Ditching the cloud for local AI — how I use two mini PCs to process millions of tokens a day and save money on costly API fees

1 hour ago 1

For heavy AI users, the economics of the current boom are starting to bite. Over the past year, major labs have nudged prices upward while tightening the screws on usage — whether through stricter rate limits, smaller context windows on lower tiers, or the gradual reshuffling of features behind more expensive plans. Even where per-token costs have fallen in headline terms, the reality for users is more complicated: higher volumes, more complex workflows, and new tooling expectations mean monthly bills are creeping up, not down.

At the same time, open-weight models have improved rapidly, consumer hardware has become more capable, and tools like LM Studio, Ollama, and llama.cpp have made local deployment far more accessible than it was even a year ago. The result is a renaissance in running models on your own machines.

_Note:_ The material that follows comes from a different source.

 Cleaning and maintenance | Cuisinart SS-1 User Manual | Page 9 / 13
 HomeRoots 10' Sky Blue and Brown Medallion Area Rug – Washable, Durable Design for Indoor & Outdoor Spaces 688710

I’m one of the people who has taken the leap myself. In mid-March, I bought a GMKtech mini PC with an AMD Ryzen AI Max+ 395 chip and 96GB of RAM. The purchase — at the time something like £1,500 ($2,000) — was a calculated decision. The kinds of volume I wanted AI models to run through would have blown through my current subscriptions to AI models (I have a ChatGPT Plus and GLM Coding Lite plan, which combined cost me around $23 a month), and forced me onto the higher-cost monthly plans, or API-based inference.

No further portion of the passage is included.